"I was once a fairly affluent travelling man. My Mom had passed away. Periodically I visited my Father who was in his late sixties, and a particularly challenging fellow to deal with. He sporadically drank a LOT of vodka. I was putting off the time that I would have to deal with the situation. My siblings, for good reasons of their own, could not or would not deal with the situation.
Clearly my Father was losing it. It was only a matter of time. Then I came back from a trip to find that he had had a stroke which had paralysed half his body.
This was twenty eight years ago. I looked into the care giving options, found them to be in excess of $2000 a month and elected to quit travelling to take care of him myself. I got him over his stroke and worked from home. Soon after his recovery I got married for the second time and got custody of my youngest Son.

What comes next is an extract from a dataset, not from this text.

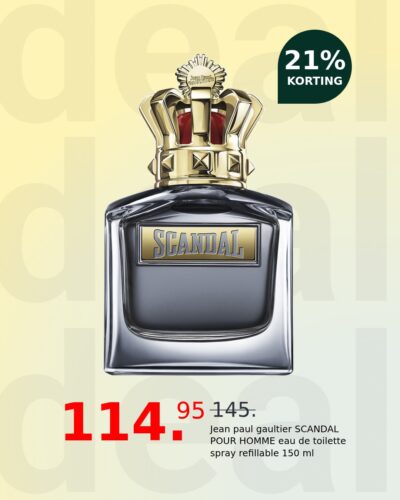 Jean paul gaultier SCANDAL POUR HOMME eau de toilette spray refillable 150 ml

Aside from the stroke, my Father continued to deteriorate behaviourally. It was indeed a challenging situation. My behaviour toward him was strained some of the time. I have some regrets about that. But ultimately, I did the right thing. No regrets.
Now I am about the age he was when I took over his full time care. He lived as well as could be expected for seven more years. For me this was an exceedingly difficult time, but I have never been sorry that I dealt with it the way I did.

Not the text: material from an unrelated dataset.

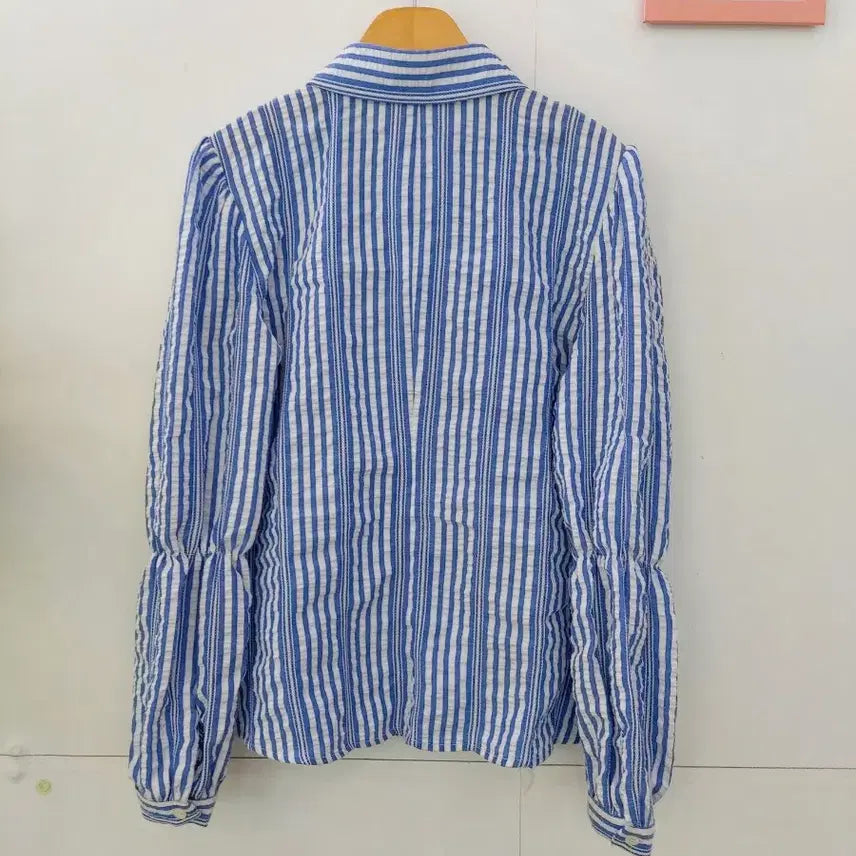 [BUNJANG] Blue Stripe Frill Blouse Size 55 / 블루 스트라이프 프릴 블라우스 55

I had a stroke two years ago which just made me stupid for a while. A pretty humbling experience. Fortunately my mental strength returned and then some. Your Mum is twelve years older than I am and her difficulties seem to be beyond simple stroke damage. Her situation is not likely to improve by much.
The costs of providing care for the aged are really extreme. You mentioned $100 per diem for day care. Full care would be double or more. And such care is often not exactly ideal. The young employees who work in such places often get as frustrated as you have been on occasion. When that happens, they are often not too inhibited with their irritation.
It strikes me that more should be done to set up situations in which lucid and capable old people do more caregiving for their less capable counterparts. They have some serious advantages in caregiving. They know that these things could ultimately happen to them, and maybe in the not too distant future. That alone makes them potentially much more understanding than youngsters are likely to be.
It is also true that many capable older folks need to supplement their income and would find elder care to be a good way to do it.
If someone in my neighbourhood made me an offer of say $1200 a month for continuous care around the clock for their loved one, I would certainly be considering the idea.
In the meantime, I will be doing my very best not to let myself become a senile hardship to my children. If I can remain lucid, ambulatory and capable until my one hundred and tenth birthday, I can't think of a better gift for my children or myself.
Good luck to you."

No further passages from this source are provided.